BİZ ÇOCUKKEN
Yetmişli yılların başları, aylardan aralık, yılbaşına bir haftadan daha az bir zaman var. Karadeniz den gelen soğuk ve dondurucu ayaz insanın iliklerini bile donduruyor. Boyabat la Gerze arasında sınırda bir yayla; Ahşaptan yapılmış tek odalı bir ev. Meşe ağaçların tomrukları dizilerek yapılmış. Ağaçların araları, soğuktan korunmak için çamurla sıvanmış, derme çatma bir yapı.
Ortada tenekeden yapılmış bir soba, üzerinde su ısıtmak için konulmuş bir kova. Sobanın yaklaşık bir metre önünde tuğla ile çevrilmiş kemerli ocaklık, ekmek pişirmek, yemek yapmak vs. işlerde kullanmak için yapılmış. Ocaklığın sağ tarafında üç gözlü dolap var; Bitişiğinde ‘terece’ diye isimlendirilen banyo yapmak için kullanılan, yaklaşık 80 cm 80 cm lik bir dolap. Ocaklığın sol tarafında altına odun, üzerine tencere tava vs. şeyler koymak için yapılmış diğer bir dolap. Sobanın sağ tarafındaki duvarda kalın ağaçtan yapılmış sergen diye isimlendirilen raflar var. Sobanın arka taraşında yatakların yığıldığı ‘yüklük’ diye isimlendirilen yer bulunuyor. Sobanın sol tarafında ise yaklaşık 30cm. e 30cm. büyüklüğünde ‘temek’ diye isimlendirilen aydınlatma penceresi olan, o zamanın şartlarına göre normal bir yayla evi.
Tuvaleti evin bitişiğinde, kenarları tahtalarla örtülmüş ama her tahtanın arası yaklaşık 1cm açıklık ta.
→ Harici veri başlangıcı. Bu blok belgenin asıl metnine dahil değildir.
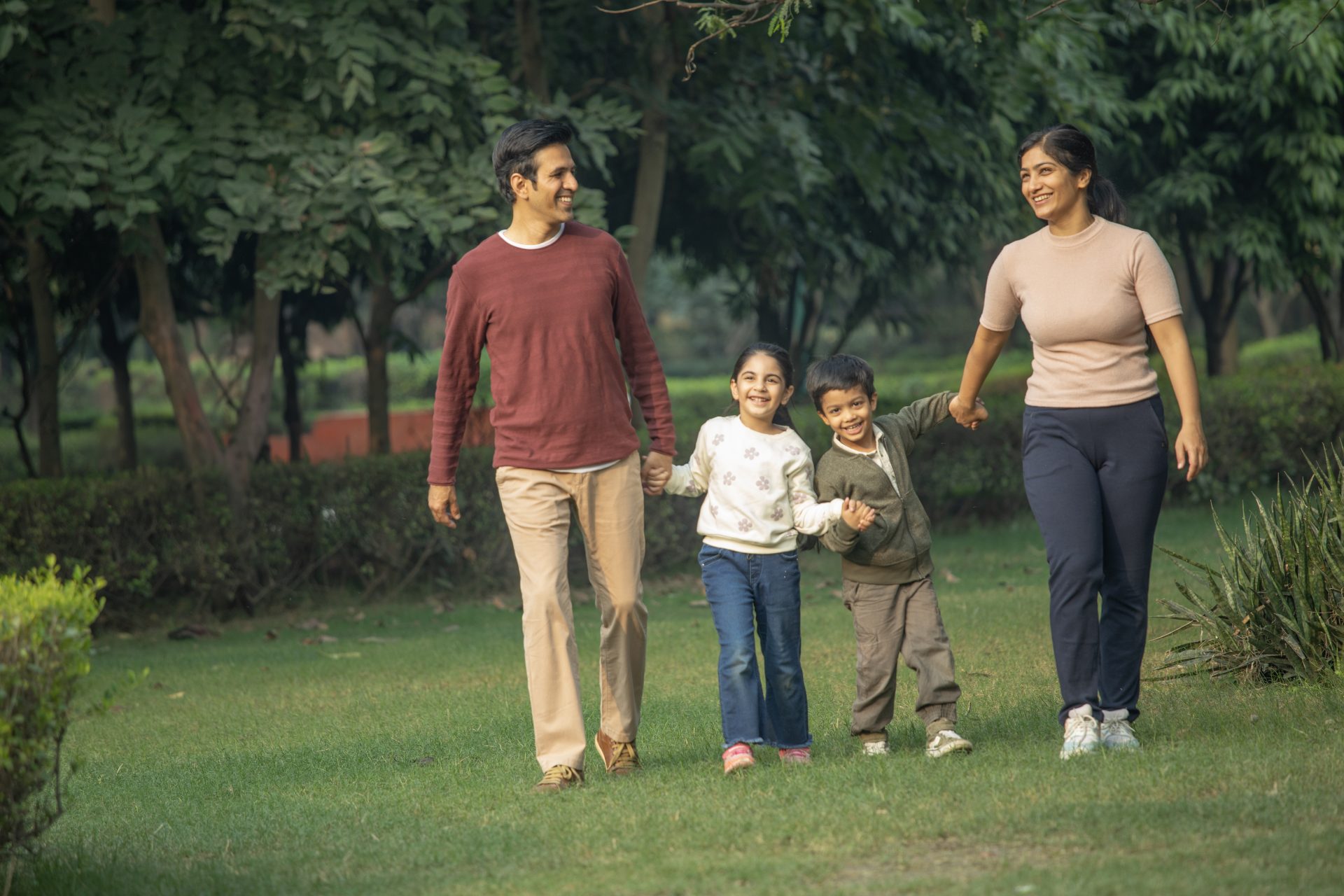 Familienportrait-im-Park-1920×1280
Dışarıda gelen soğuğu rahatlıkla hissedebildiğin bir yer. Tuvalet taşı yerine taban da ki ağaç kesilerek yapılmış ve aşağısı açık bir çukuru olan yerdi bizim tuvaletimiz.
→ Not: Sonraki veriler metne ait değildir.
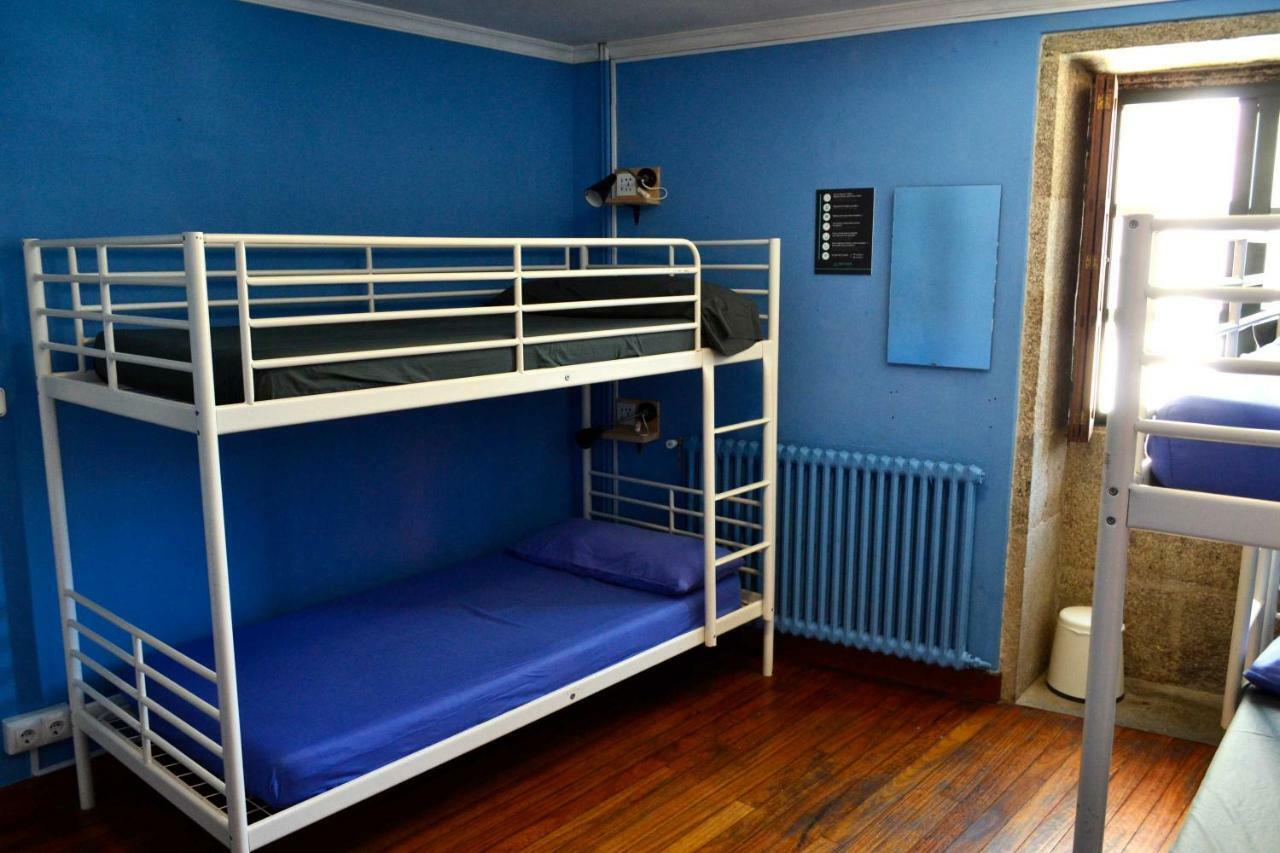 Albergue O Fogar De Teodomiro ซานติอาโก เด กอมโปสเตลา ภายนอก รูปภาพ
Bir akşam üstü yirmi bir yaşında bir kadın daha ilk çocuğunu dünya ya getiriyor. Köyün yaşlı kadınları toplanmışlar. Ne hastane ne doktor ne de ebe var. Bütün imkansızlıklara rağmen, zor da olsa bir erkek çocuğu dünya ya geliyor. Çocuğu sarmak için bırakın elbiseyi doğru düzgün bir çarşaf bile yok. Yayla da kışın soğuğunda derme çatma bir evde yaşam mücadelesine başlamıştı, minicik yavrucak. O zaman bu şartlar altında dünya ya geliyordu çocuklar.
İki gün sonra dedesi, ‘bana sorarsanız babamın adını koyun ‘diyor ve böylece adı ‘İsmail’ olarak kalıyordu. O zaman mamayı bilen bile yoktu. Anne sütüyle büyüyordu, küçük İsmail.